野崎敏郎様

 

拝復

 村里に金木犀の香りただよう季節となりました。

 さて、このたびは、玉稿「マックス・ヴェーバーとハイデルベルク大学――人事案件・教育活動・同僚たち――(3)」掲載の、佛教大学『社会学論集』第41号抜刷りをご恵送いただき、まことにありがとうございました。

早速、興味深く拝読いたしました。

 1.着任後のヴェーバーの教育活動が、招聘時の哲学部改革と連動していたこと、2.国民経済学第二講座の増設に、マンハイム財界の意向がからんでいて、ヴェーバーが増設そのものは積極的に押し進めながら、マンハイム商工会議所への出講(産学協同)義務は、「学問の自由」に反するとして異を唱えていたこと、3.国民経済学理論の講義が週五回という過重負担で、これがかれの苛立ちをつのらせ、精神神経疾患を深刻にする一契機であったろうこと、など、多々学ばせていただきました。

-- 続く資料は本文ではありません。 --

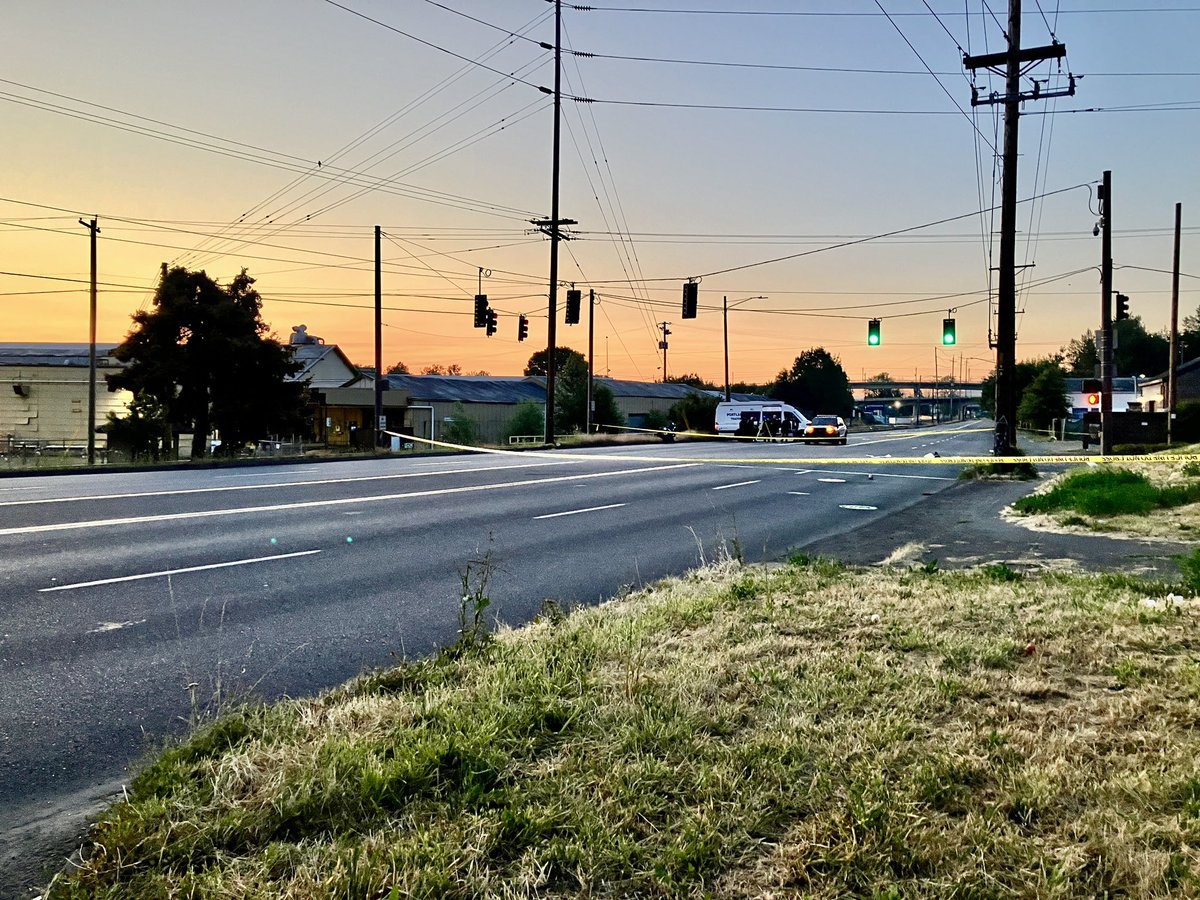 N Columbia Blvd is CLOSED both directions between N. Peninsular and N Interstate in Portland for a hit-n-run crash that has left a pedestrian with life-threatening injuries.  No description of suspect vehicle, use alt route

 とりわけ、次稿に予告されている退職の経緯には、興味津々で、次号が待ち遠しい思いです。

 このテーマにかんするこれまで一連のご論稿は、いずれも、貴台による精細な調査によって初めて明らかにされた事実/経緯ばかりですので、ぜひ、欧文に翻訳されて、欧米の歴史・社会科学界をも裨益されますよう、重ねてお勧めいたします。

 季節の変わり目に、ご自愛のほど、お祈り申し上げます。

 御礼まで。

 

敬具

 

2005年10月9日

 

折原 浩

 

(ご論考の内容一端とその意義を広く紹介いたしたく、内容上も支障はないと思いますので、この書状を小生のHPに掲載させていただきたいと存じます。万一ご異議がありましたら、折り返しメールをいただけますよう、お願い申し上げます。)